Reiloy Westland President Dave Larson hopes to break ground in the next three or four weeks, and be ready to move in by mid-2015. Reiloy Westland will move from its current 25,000-square-foot plant in Wichita to the new building 10 miles north in Maize, Kan.
Larson sold Westland to Reifenhäuser in late 2012. The family-owned company, based in Troisdorf, Germany, manufactures machinery for blown and cast film, thermoforming and sheet extrusion.
“The real key is the Reifenhäuser Group’s commitment to the North American market,” Larson said. “So if you look at the history since they purchased us roughly 18 months ago, they’ve invested several million dollars in equipment. They’ve moved Reifenhäuser’s headquarters to Wichita, and now they’re committing not only to the equipment but we’ve committed to lean manufacturing, 5S and ISO certification.”
The German company has moved its North American operations from Danvers, Mass., to Wichita, where it currently operates in a separate building a few miles from Reiloy Westland. Managing Director Ulrich Reifenhäuser told Plastics News in an interview last year that the company has identified North America as a major growth market, including for flexible packaging and polyethylene film, because of the shale gas boom.
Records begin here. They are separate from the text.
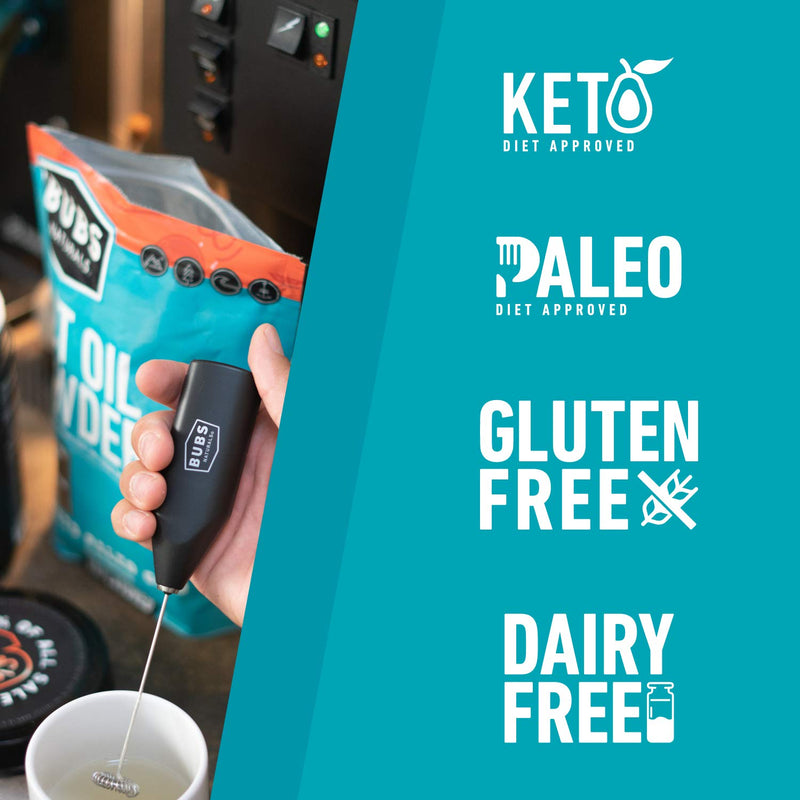 [Australia] - BUBS Naturals MCT Oil Powder - Medium Chain Triglycerides - Keto Vegan & Paleo Friendly - Healthy Coconut Fats + Low Carb - Dairy-Free Energy Source - Perfect for Coffee, Protein Shakes & Baked Goods 10.6 Ounce (Pack of 1) 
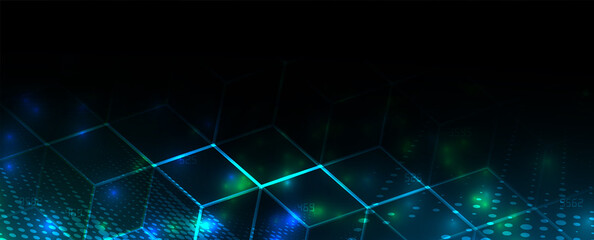 Neural network concept. Connected cells with links. High technology process. Abstract background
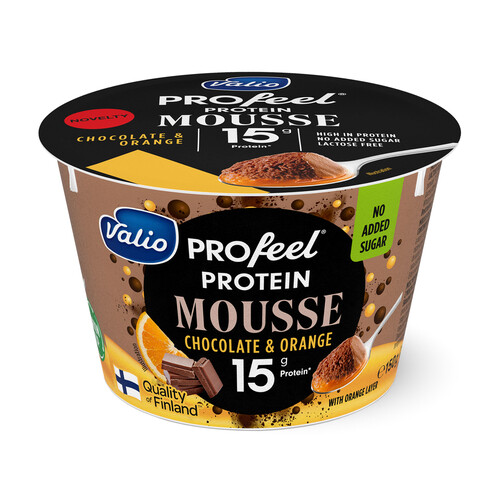Alcampo VALIO Profeel protein Mousse de chocolate y naranaja con alto contenido en proteinas 150 g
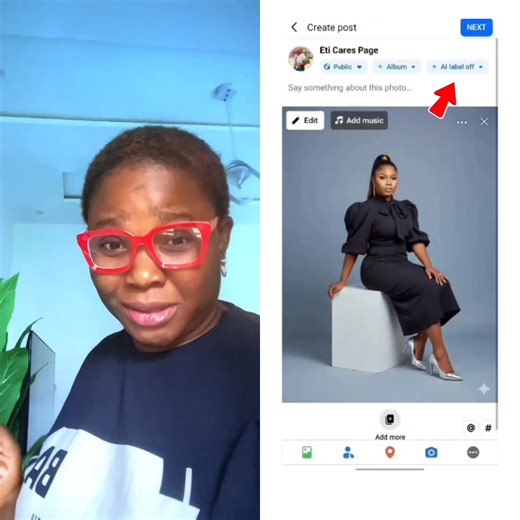 19 reactions · 28 comments | How to turn on Ai labeling before posting your Ai content #tutorial #AIContent #fypreelsシ゚viralシ #viralvideoシfyp #viralpost2025シ #reelsfypシ #reelsviralシfb #facebookreelsviral | Eti Cares Page | Facebook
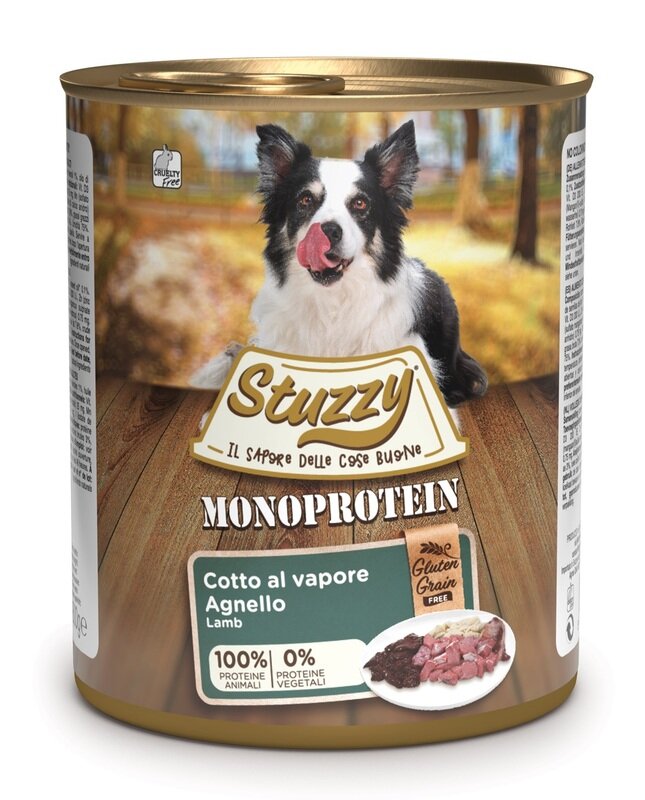 Stuzzy Monoprotein Agnello Cibo Umido Cani Adulti Barattolo 800g-2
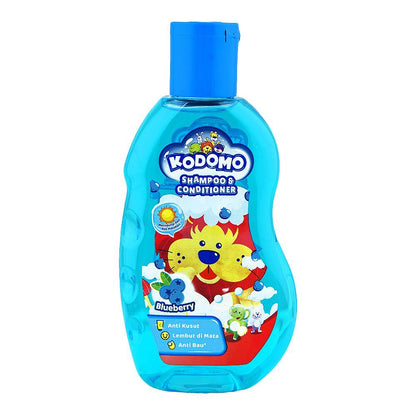 Kodomo Blueberry Antibacterial Shampoo & Conditioner For Kids 200ml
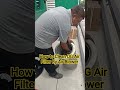 How to Clean DG Air Filter By Air Blower #dg #air #filter #viral #short #janhitskilledcommunication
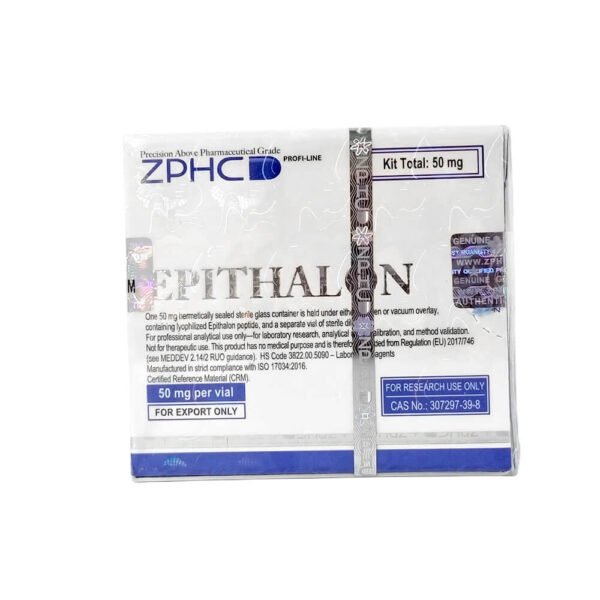 ZPHC Epithalon 50mg Kit | Lyophilized Peptide + BAC Water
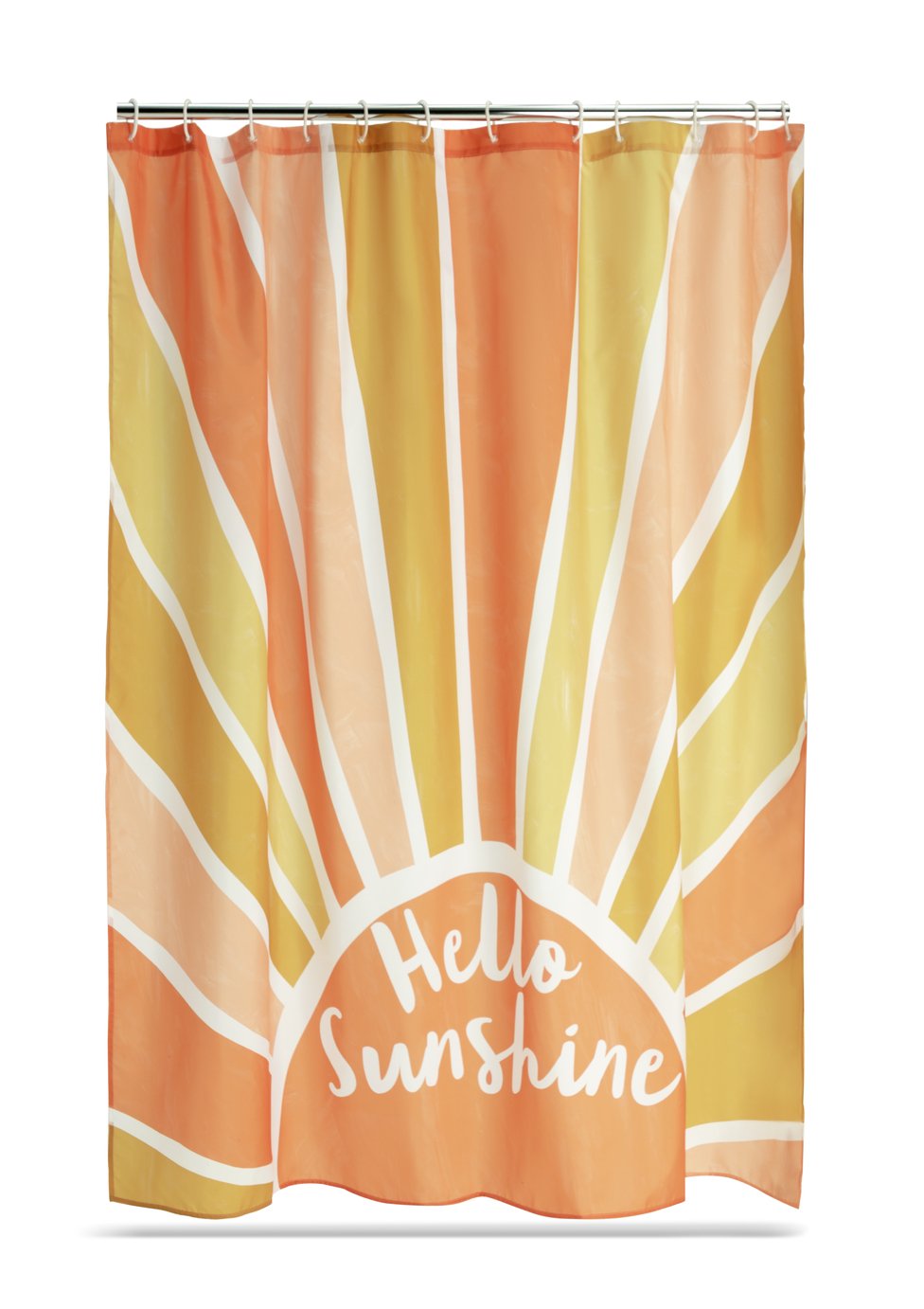 Habitat Sunrise Shower Curtain with anti-bacterial finish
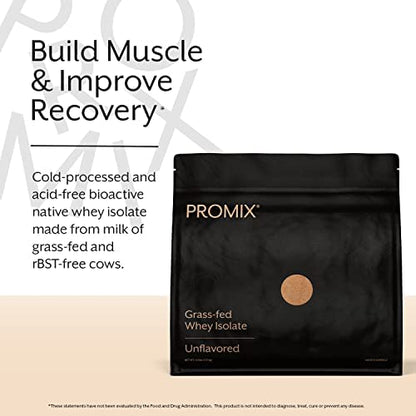 ProMix Nutrition Whey Protein Isolate Powder, Unflavored — Grass-Fed & 100% All Natural, 2 x 2.5 lb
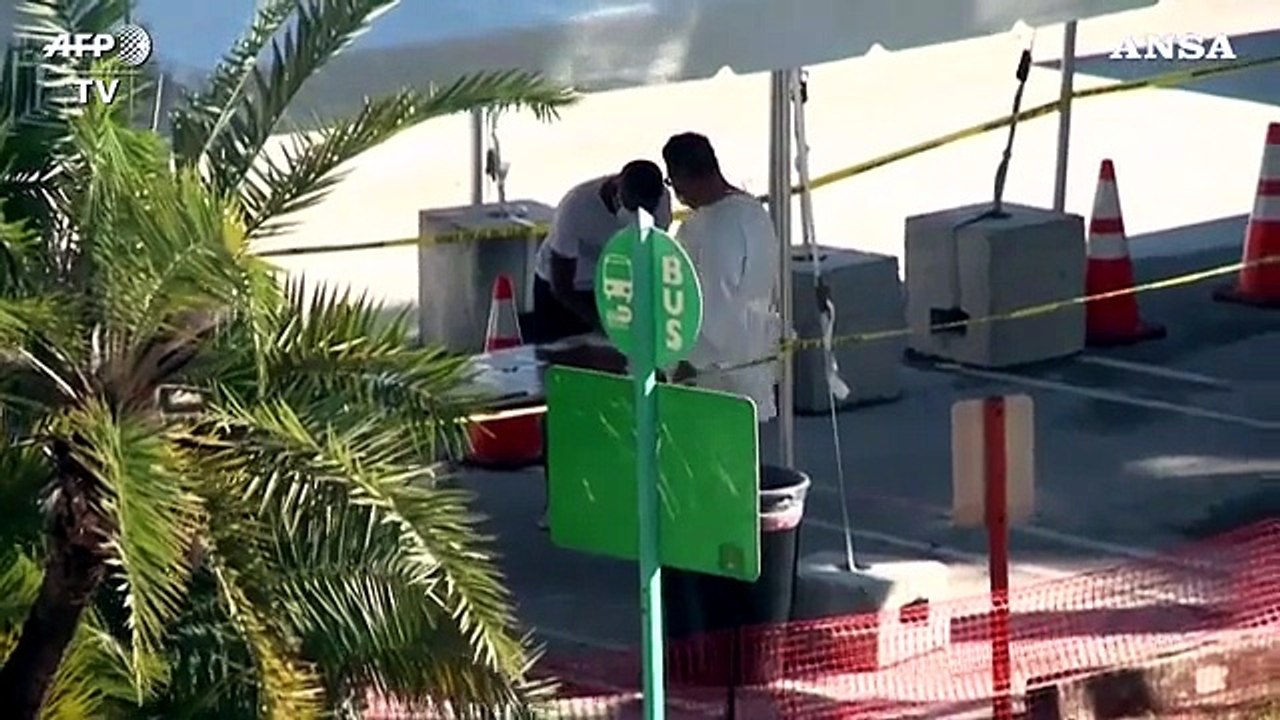 Coronavirus, a Miami allestito un drive in per test rapidi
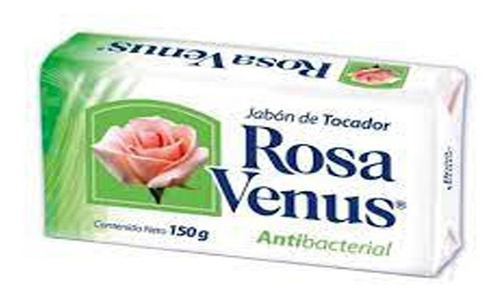 Jabón De Tocador Rosa Venus Antibacterial 150 Gr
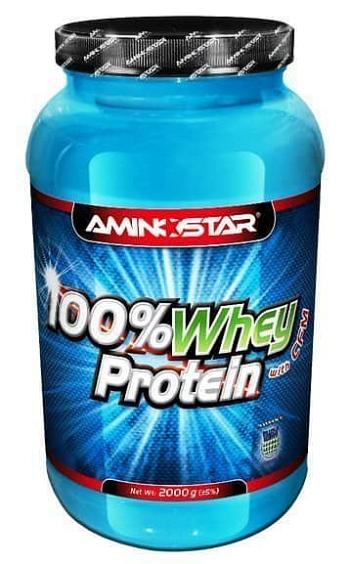 Aminostar 100% Whey Protein Příchuť: Vanilla, Balení(g): 2000g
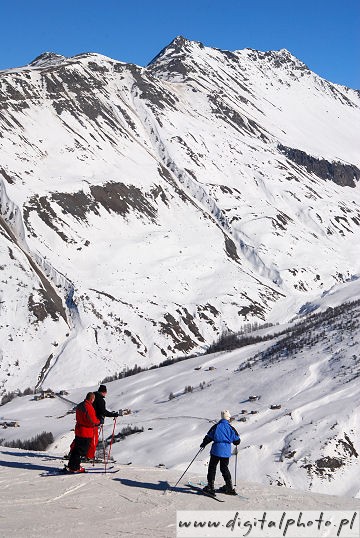 Imágenes de los esquiadores, esquí, Alpes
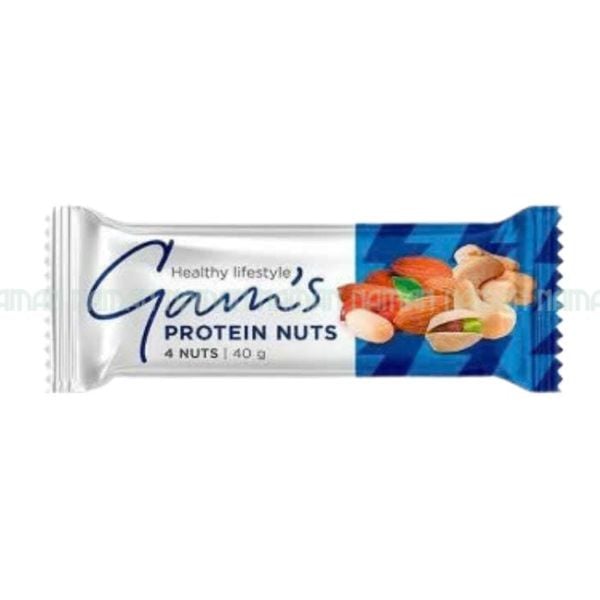 Protein Bar 4 Nuts Gam'S 40G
The new building in Maize will house all of Reifenhäuser’s operations under one roof. Larson said the Kansas facility will handle parts and service and become the central point of contact for customers in North America for the machinery. That equipment is manufactured in Europe.
Larson said the new larger building is being fueled by the growing screw and barrel manufacturing business — for both machinery manufacturers and replacement.
“We’re seeing both segments as good, and business in general is really strong,” he said.
Westland has been known for its injection screws, and the company, under the new ownership as Reiloy Westland, now is moving into extrusion screws, Larson said. The extrusion screws will be for equipment made by all manufacturers, not exclusively Reifenhäuser, he said.
Reiloy Westland currently employs 54. Larson said the company has filled several key positions in the past few months, including a continuous improvement specialist. The screw and barrel firm expects to hire manufacturing positions, engineers and sales people in the next year — and add at least 15 employees over the next five years.